Lors de la crise de 2008, les investisseurs institutionnels du monde entier s’étaient retrouvés acheteurs de tranches de CDO subprime sur l’immobilier résidentiel américain. Le coupable désigné était les agences de notation (SP, Fitch, Moody’s) : elles avaient en effet « noté » celles-ci « AAA » c’est-à-dire la notation la plus sûre en termes de risque de crédit, donnant ainsi un blanc-seing aux investisseurs institutionnels pour y investir.
Alors que depuis 2008 la régulation est devenue de plus en plus contraignante pour l’industrie financière, comment expliquer qu’en 2020 notre veuve se retrouve dans une telle situation ?
Le levier n’est pas contraint
Pour comprendre, faisons une analogie avec l’industrie automobile. Imaginons qu’il n’existe que deux types de voiture : une Renault Clio pour le conducteur « Lambda », avec vitesse limitée à 130 km/h ; une Ferrari pour l’as du volant, pouvant aller à 200km/h, avec tous les indicateurs de contrôle de conduite possibles et imaginables.

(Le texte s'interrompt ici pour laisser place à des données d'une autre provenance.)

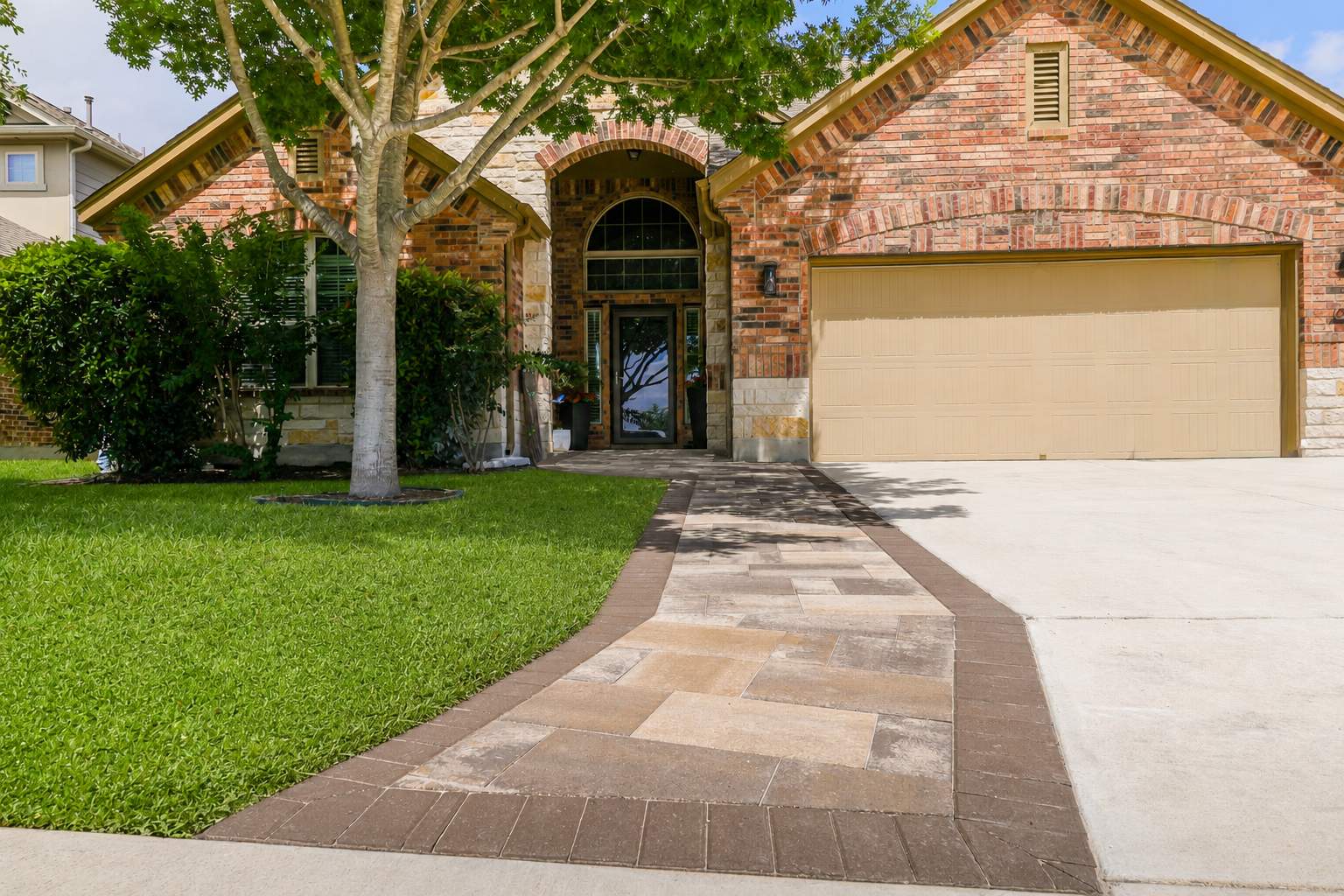 The Highlands, San Antonio TX by Hole In One Lawns, LLC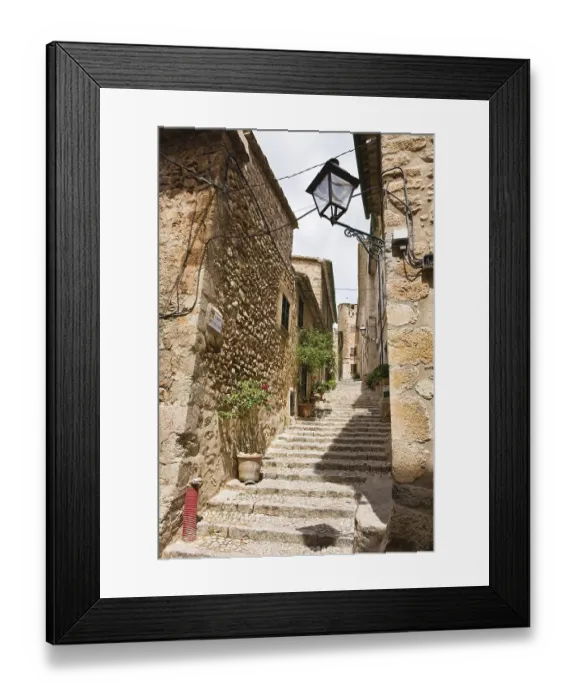 Framed Print : Alleyway, Fornalutx, Mallorca, Majorca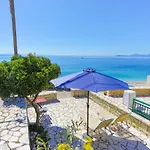 Kaminaki Beachfront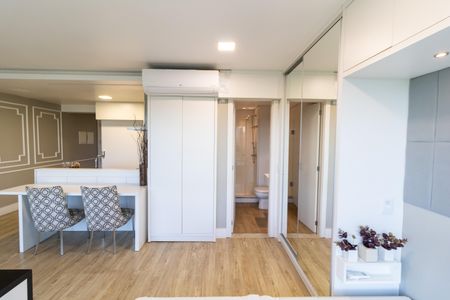 Sala/Quarto de kitnet/studio à venda com 1 quarto, 41m² em Praia de Belas, Porto Alegre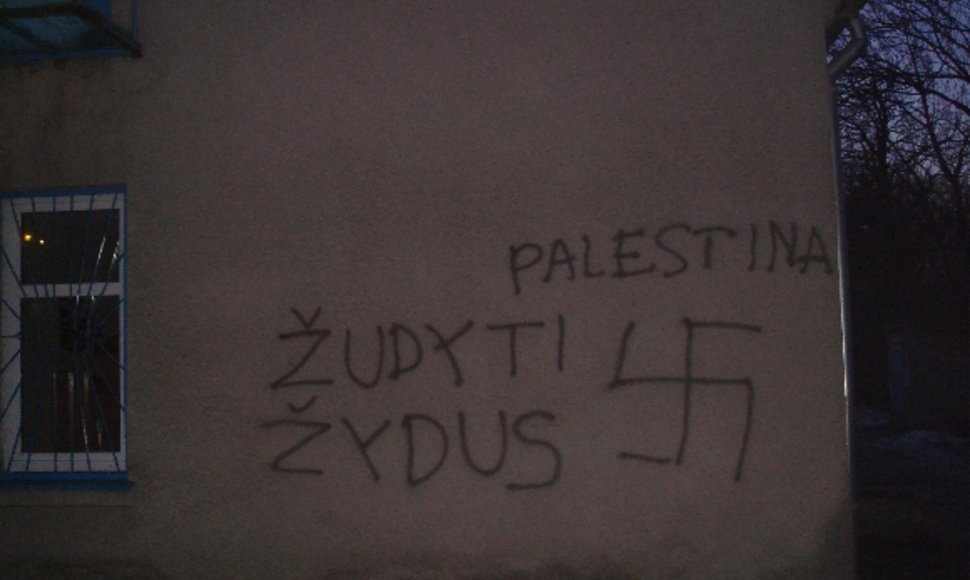 Savaitgalį Lietuvoje su visuotiniu protestu pasipylė ir išpuoliai prieš žydus. 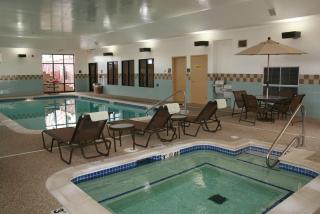 Newly Renovated Hampton Inn Omaha West Lakeside - Omaha - 2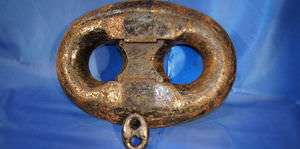 Kenter shackle for ships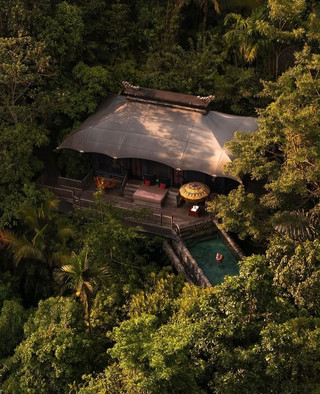 A hotel in the middle of the jungle where you'll want to get lost for a few days 🌴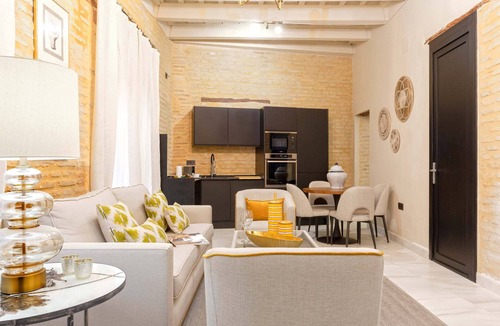Historical Center Apartment | Genteel Home Acetres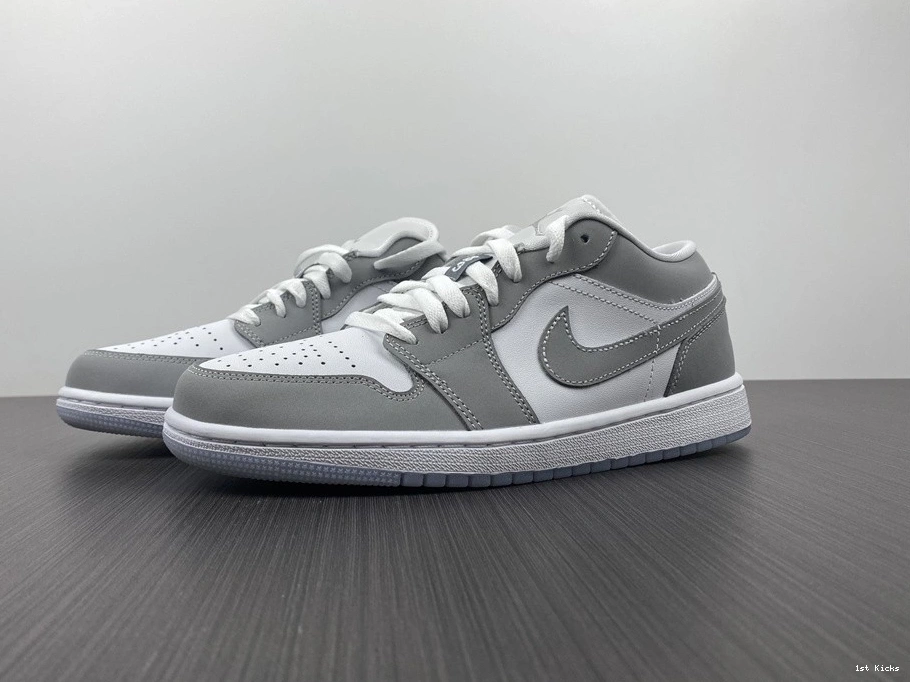 1 Jordan Grey Wolf Low (W) - DC0774-105 0831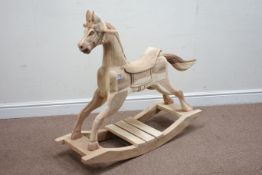 Solid teak carved rocking horse Condition Report <a href='//www.davidduggleby.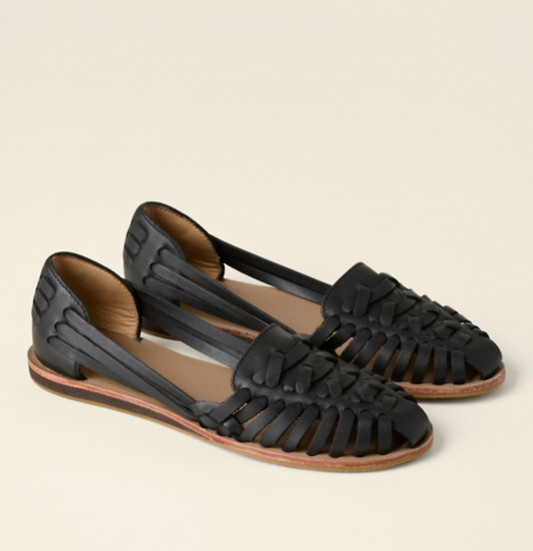 Damen Sandalen – Geschlossene Spitze – Strappy Design – Flache Sohle – Slingback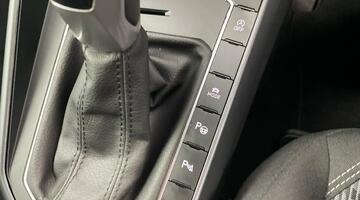 2022 Volkswagen 1.0 TSI R-Line DSG Euro 6 5-door (Grey) - Image: 25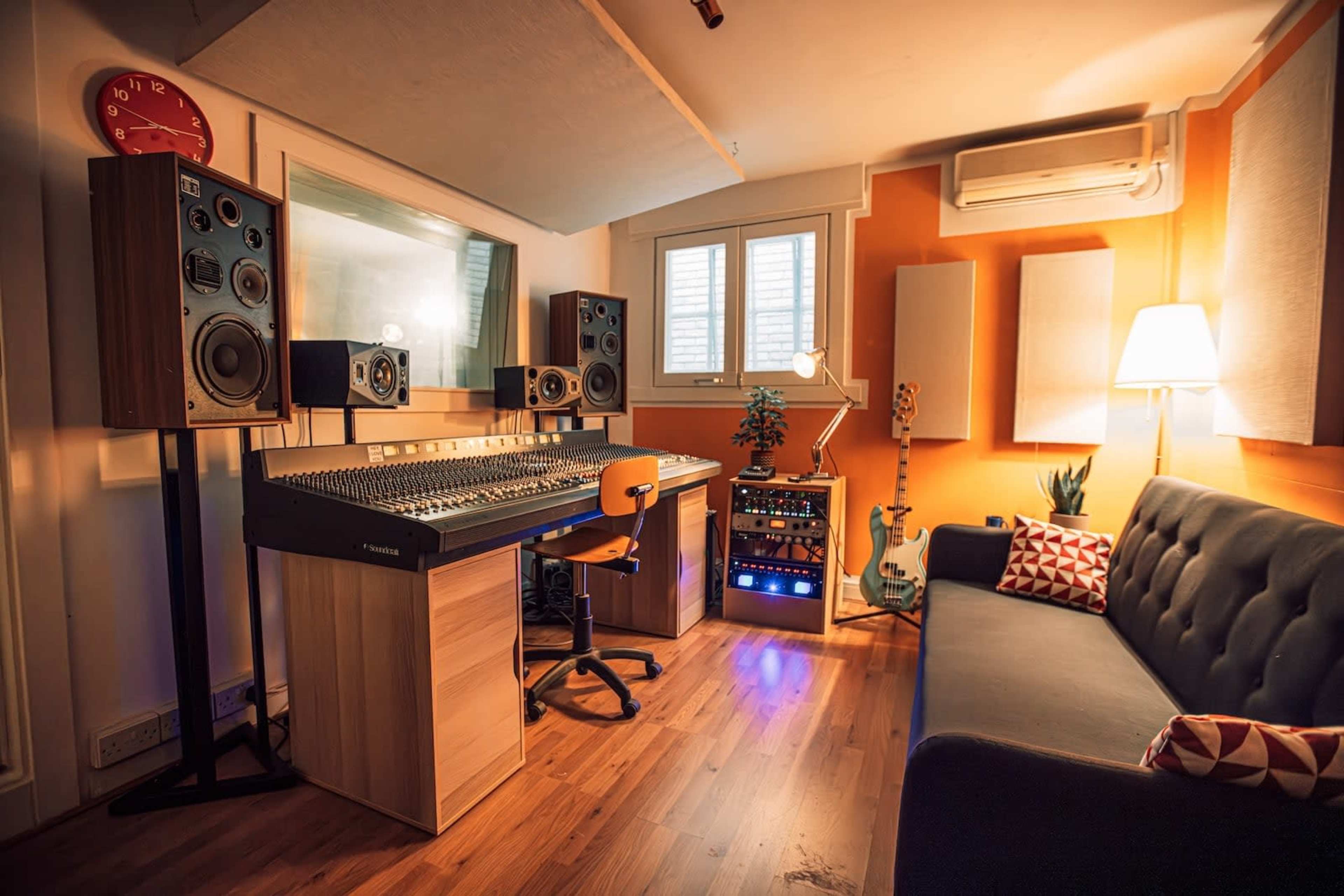 Professional Recording Studio With Unique Vibe Image in Hornsey, London, ENG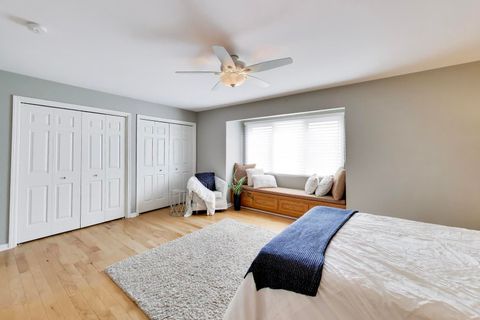 Tiny photo for 126 Commons Drive, Palos Park, IL 60464 (MLS # 12619497)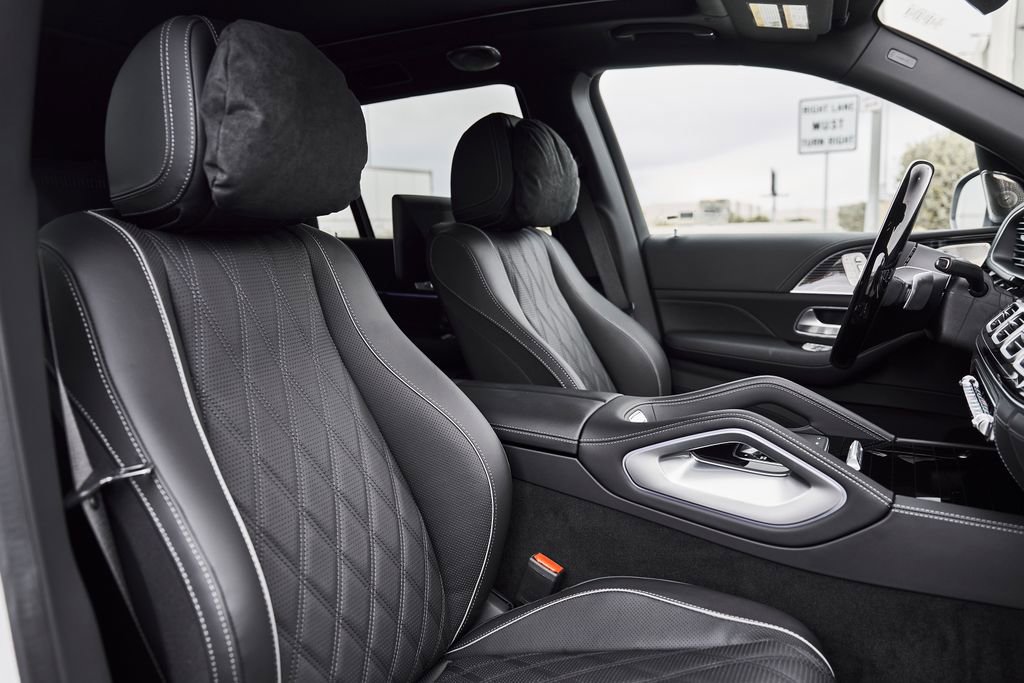 Used 2026 Mercedes-Benz Maybach GLS 600 4MATIC image 40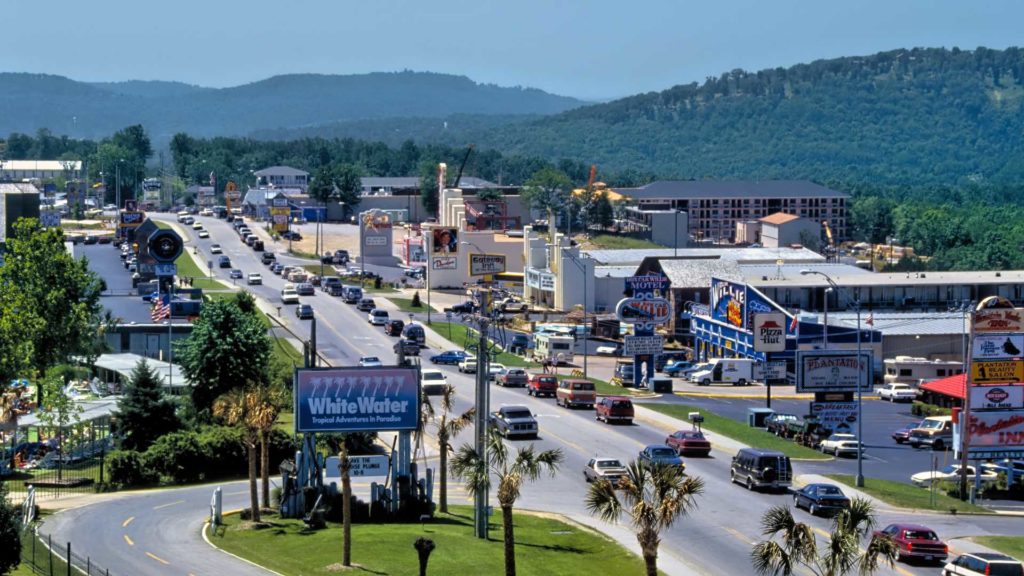 25 Fun Vacation Spots for Young Adults in the U.S. 23 Fun-Vacation-Spots-for-Young-Adults-in-the-US-Branson-Missouri-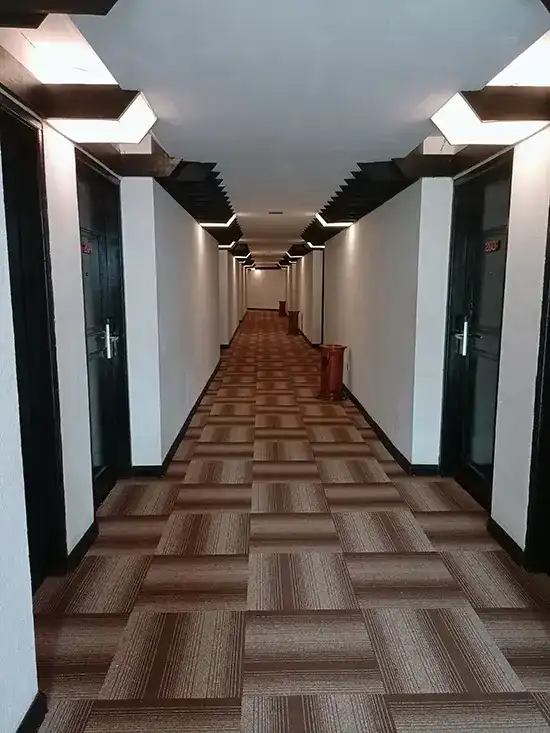 Hotel Lock yang terpasang di kamar Hotel Sibayak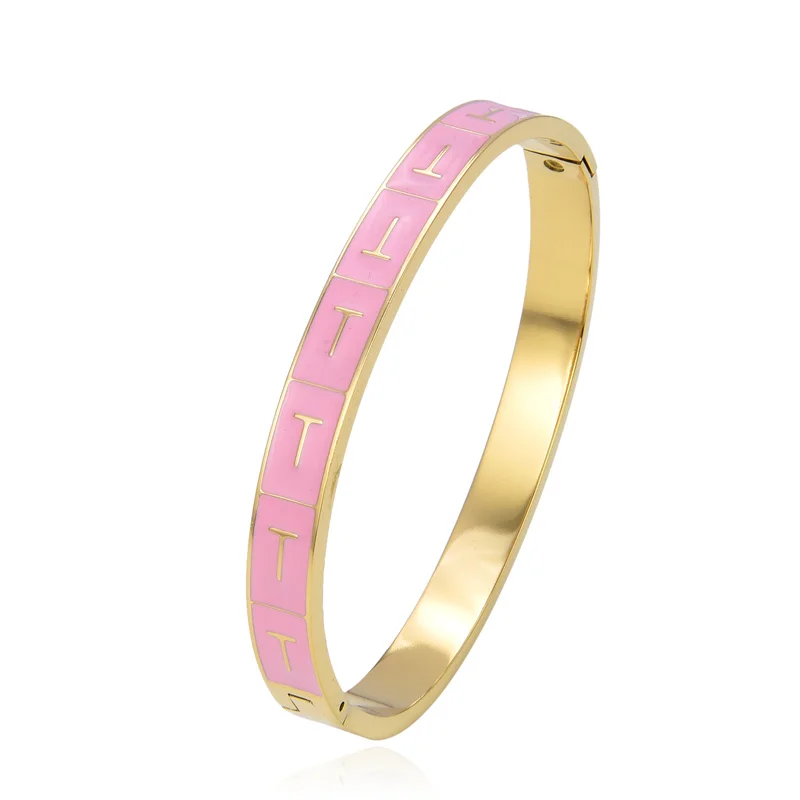 Top Selling Good Quality Popular Style Pink Color Letter T Bracelet Women's Men's Enamel Bracelet Stainless Steel Gold Bracelet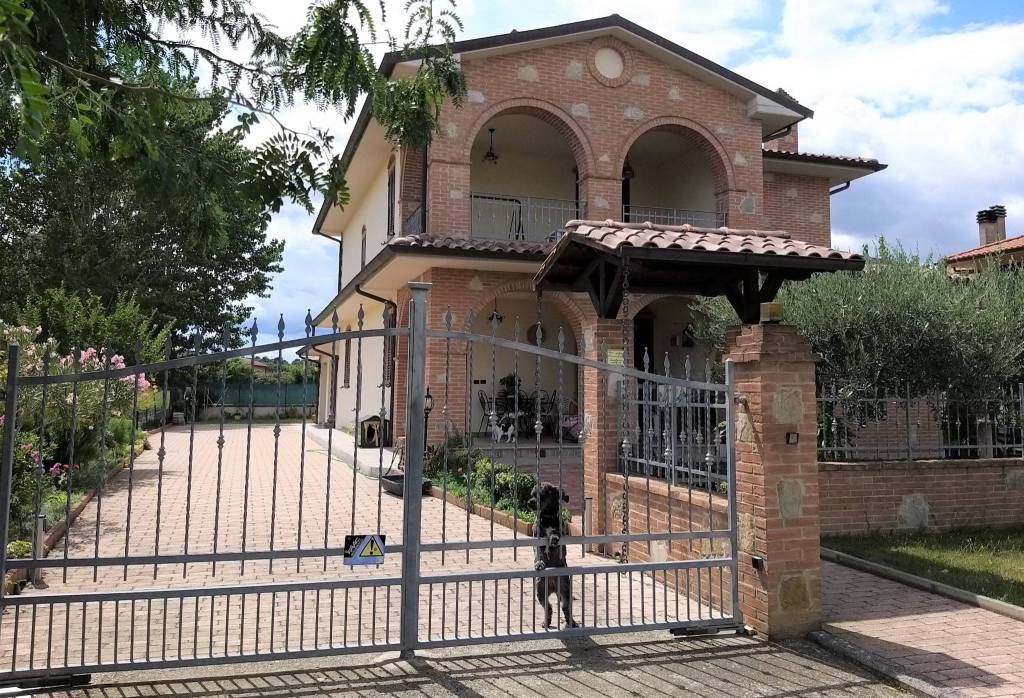 Villa in vendita a Castiglione del Lago via Giuseppe Saragat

De même, il existe en France en matière de gestion collective deux catégories : les Organismes de placement Collectif en Valeurs Mobilières (la Clio) ; les Fonds d’investissement alternatif (la Ferrari). Les fonds spéculatifs font partie de la deuxième catégorie. L’investisseur doit être « qualifié » pour pouvoir y investir, c’est-à-dire disposer de solides connaissances techniques et de moyens financiers suffisants pour accepter des risques précisément décrits dans les prospectus du fond. Ces risques sont encadrés par toute une série d’indicateurs, exactement comme ceux du cockpit de la Ferrari. Une des expositions les plus étudiées, à travers notamment des simulations, concerne l’effet de levier du fond. A titre d’exemple, juste avant sa chute début 1998, le fameux fonds Long Term Capital Management (LTCM) avait un capital de 4,7 milliards de dollars et avait emprunté aux banques 125 milliards de dollars lui permettant de prendre des positions sur des produits dérivés pour 1.250 milliards de dollars, soit 265 fois son capital. Lors de sa faillite, ses positions étaient telles que la Fed a dû organiser leur débouclage pour éviter un risque systémique.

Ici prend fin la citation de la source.